Return each entry below word for word, leaving out any image.

RECORDS SHOWN:
---------------
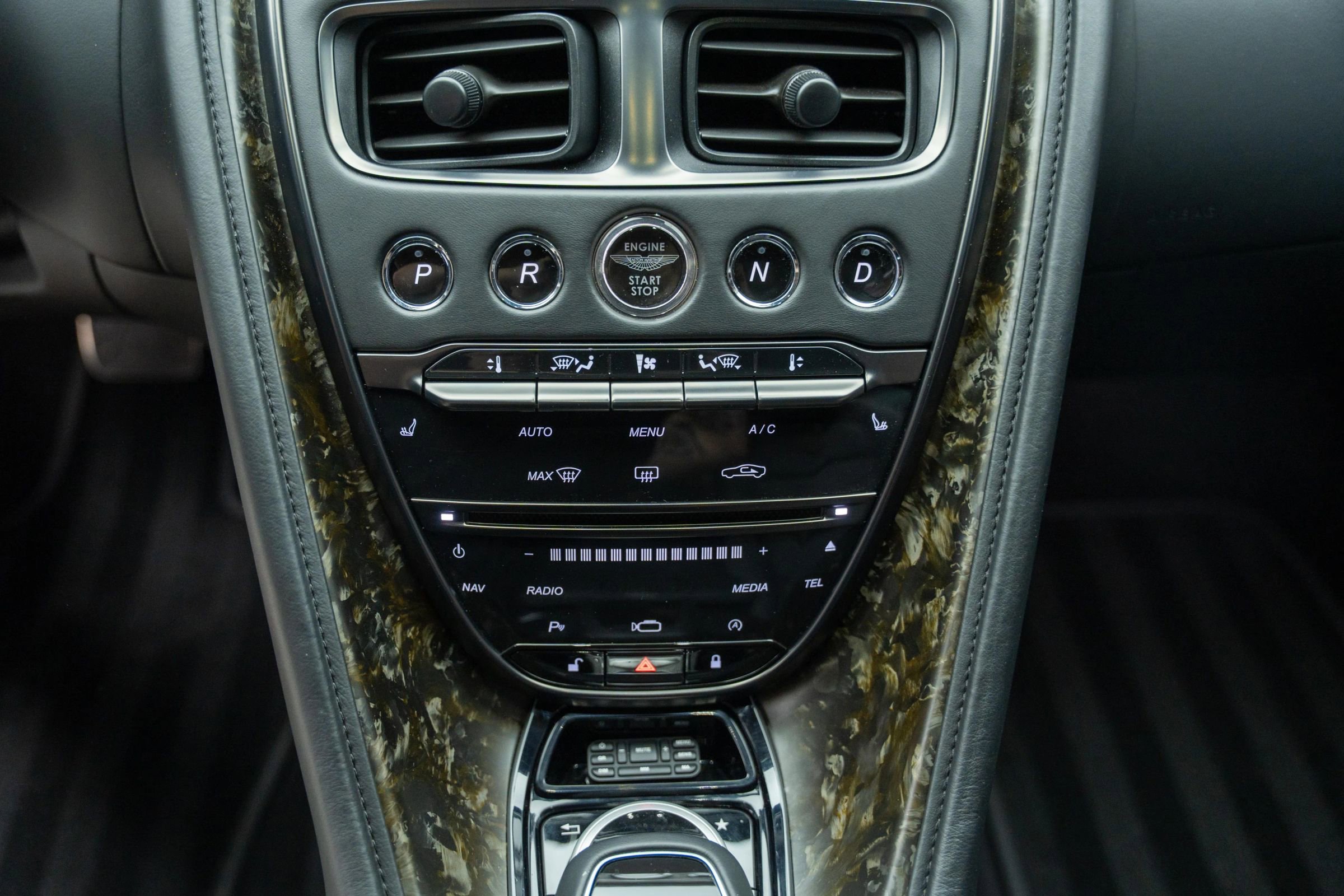 Used 2019 Aston Martin DBS Superleggera image 31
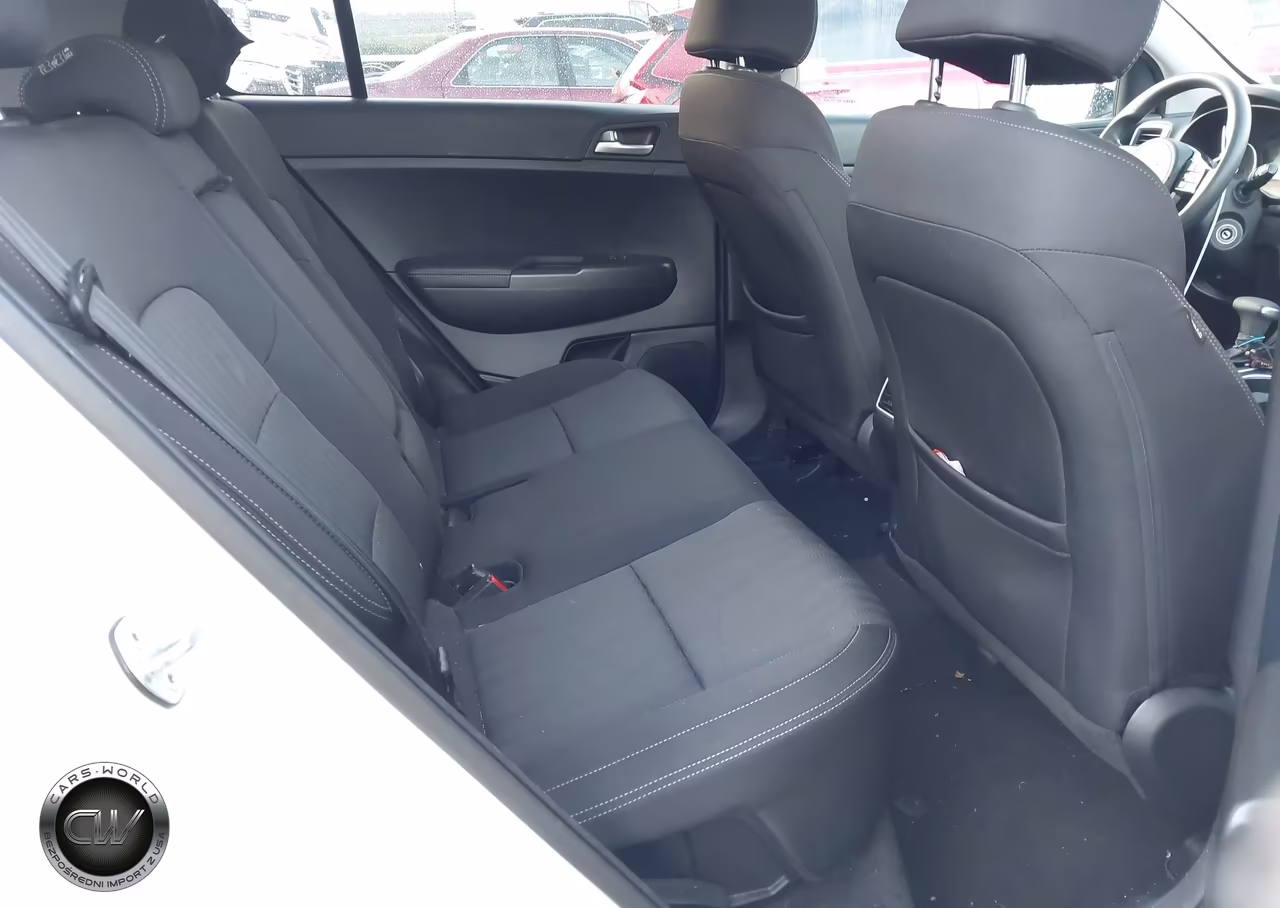 2021 Kia Sportage Lx VIN:KNDPM3AC4M7898399 - 8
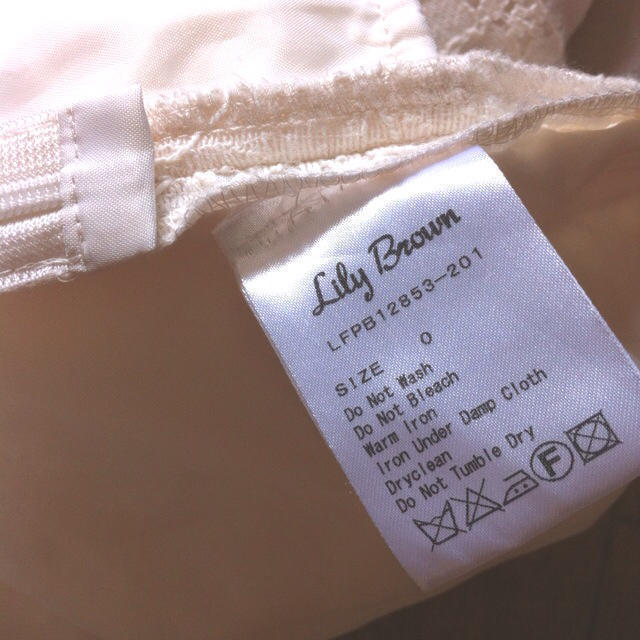 Lily Brown(リリーブラウン)のLilybrown＊レースショートパンツ レディースのパンツ(ショートパンツ)の商品写真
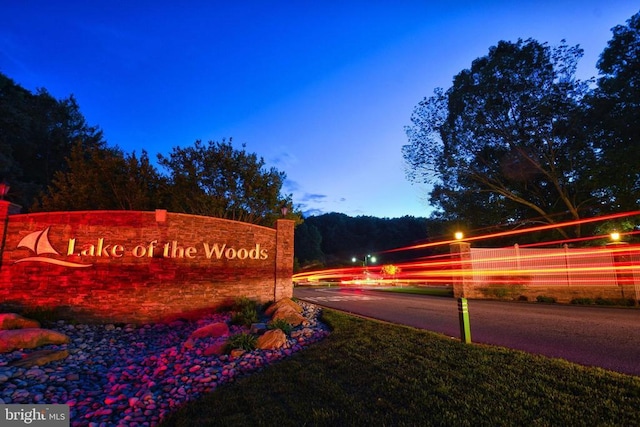 view of community / neighborhood sign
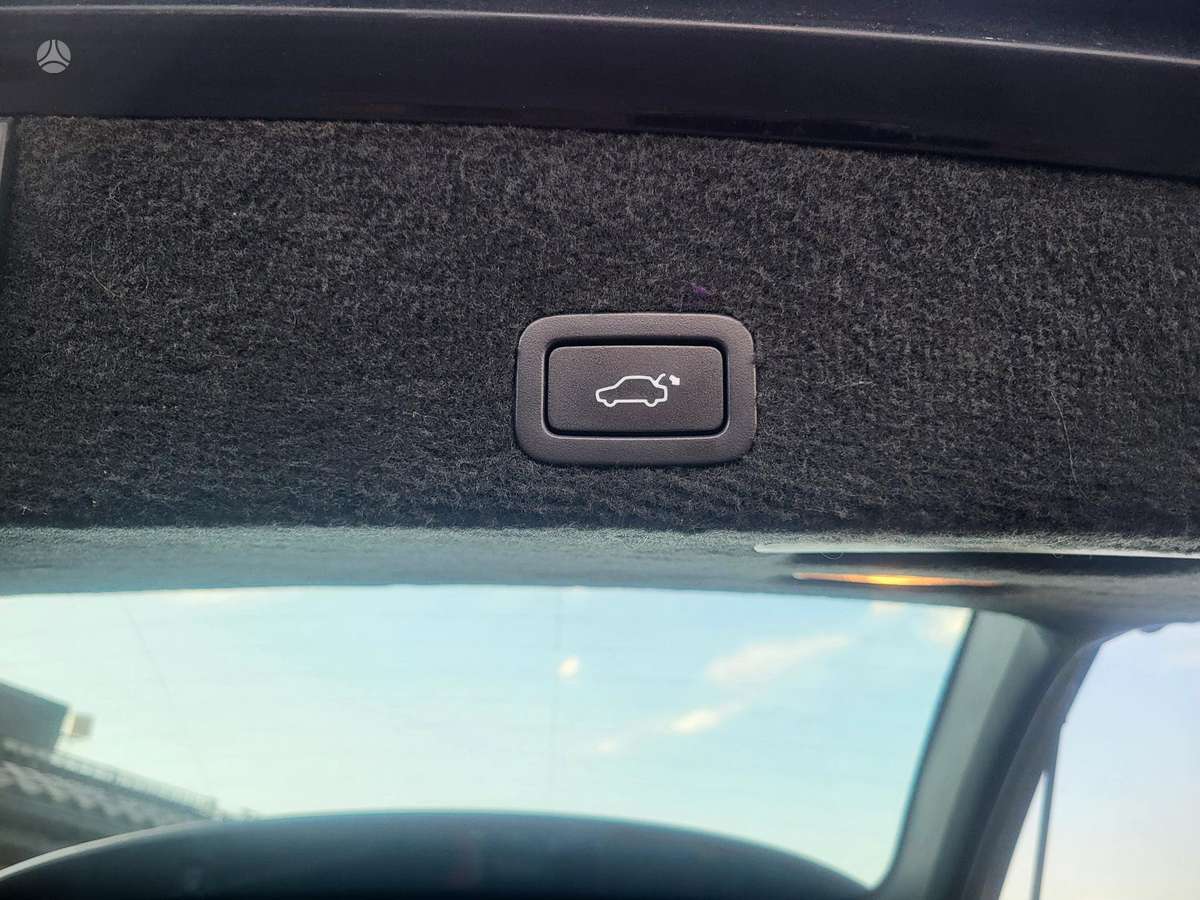 Volvo XC60, 2.4 l., visureigis / krosoveris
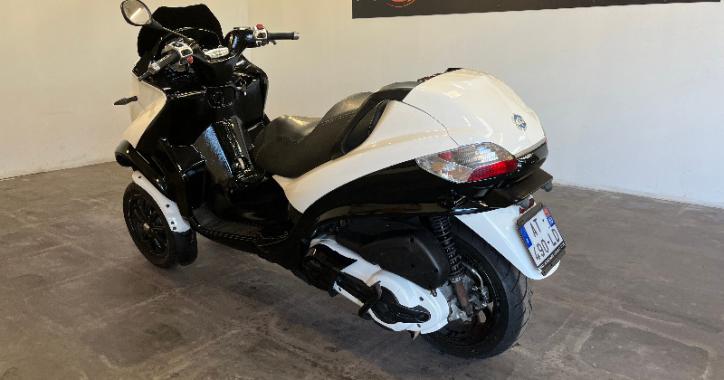 SCOOTER PIAGGIO MP3 400 CM3 DE 2010
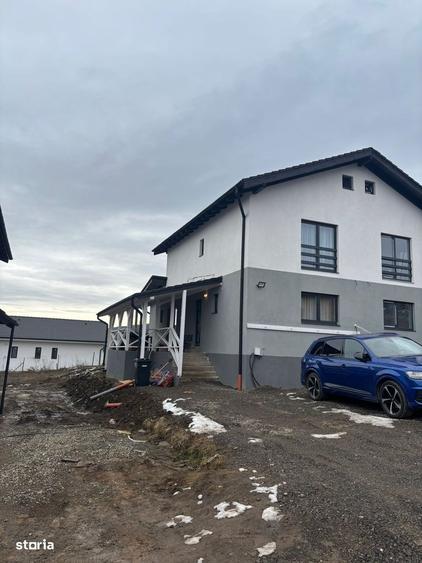 Casă cu 3 camere cu Teren 350 Mp în Livezeni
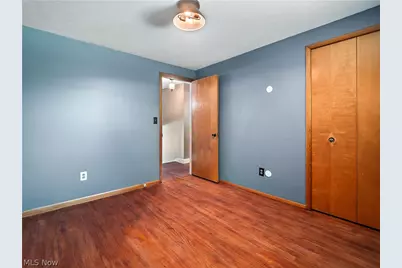 4402 Valleyside Road, Loveland, OH 44135 - Photo 15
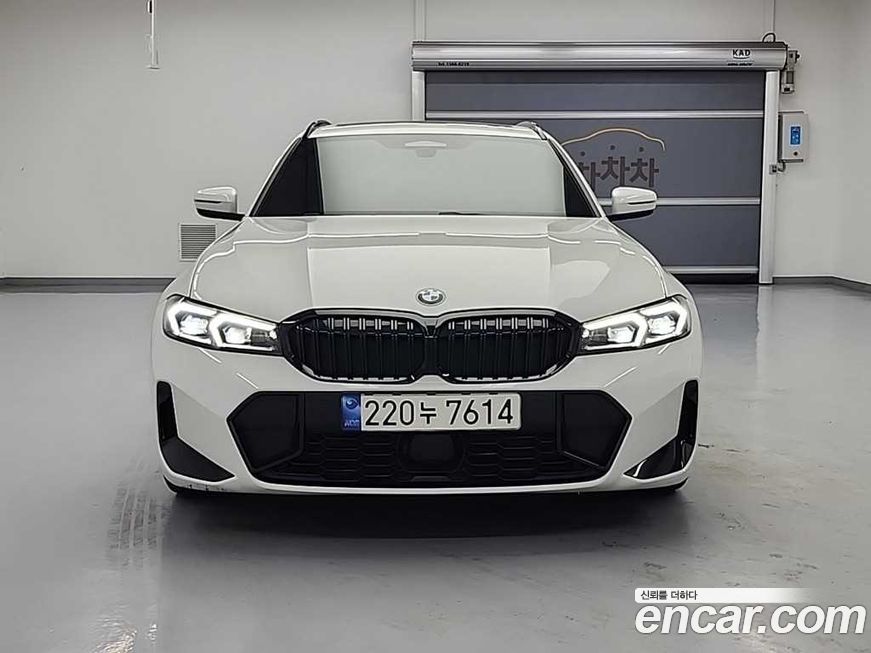 BMW 3-Series 320d Touring M Sport, 2024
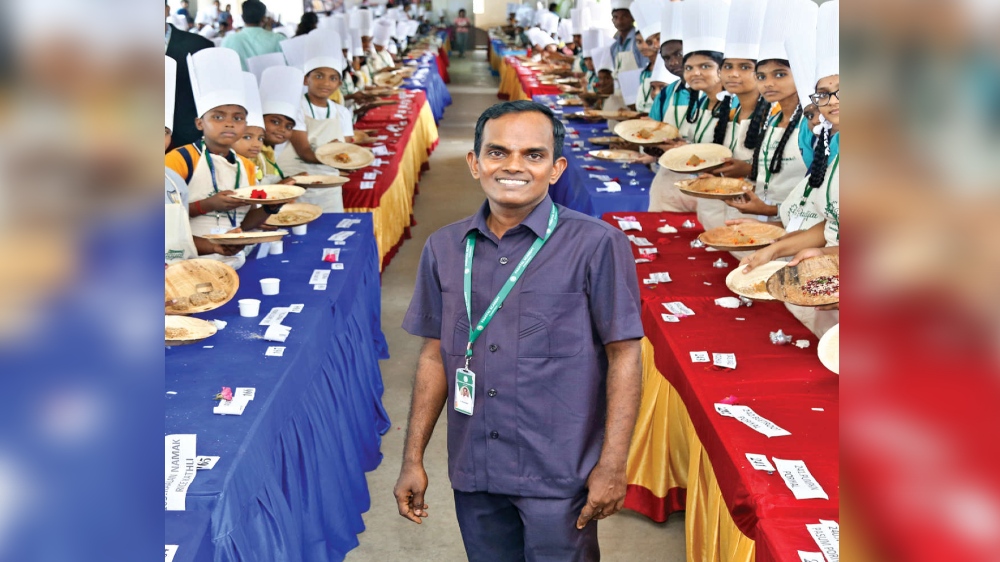 319 students cook 319 dishes in 4.27 minutes, set world record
---------------
WRITTEN RESPONSE:
 Used 2019 Aston Martin DBS Superleggera image 31
 2021 Kia Sportage Lx VIN:KNDPM3AC4M7898399 - 8
 Lily Brown(リリーブラウン)のLilybrown＊レースショートパンツ レディースのパンツ(ショートパンツ)の商品写真
 view of community / neighborhood sign
 Volvo XC60, 2.4 l., visureigis / krosoveris
 SCOOTER PIAGGIO MP3 400 CM3 DE 2010
 Casă cu 3 camere cu Teren 350 Mp în Livezeni
 4402 Valleyside Road, Loveland, OH 44135 - Photo 15
 BMW 3-Series 320d Touring M Sport, 2024
 319 students cook 319 dishes in 4.27 minutes, set world record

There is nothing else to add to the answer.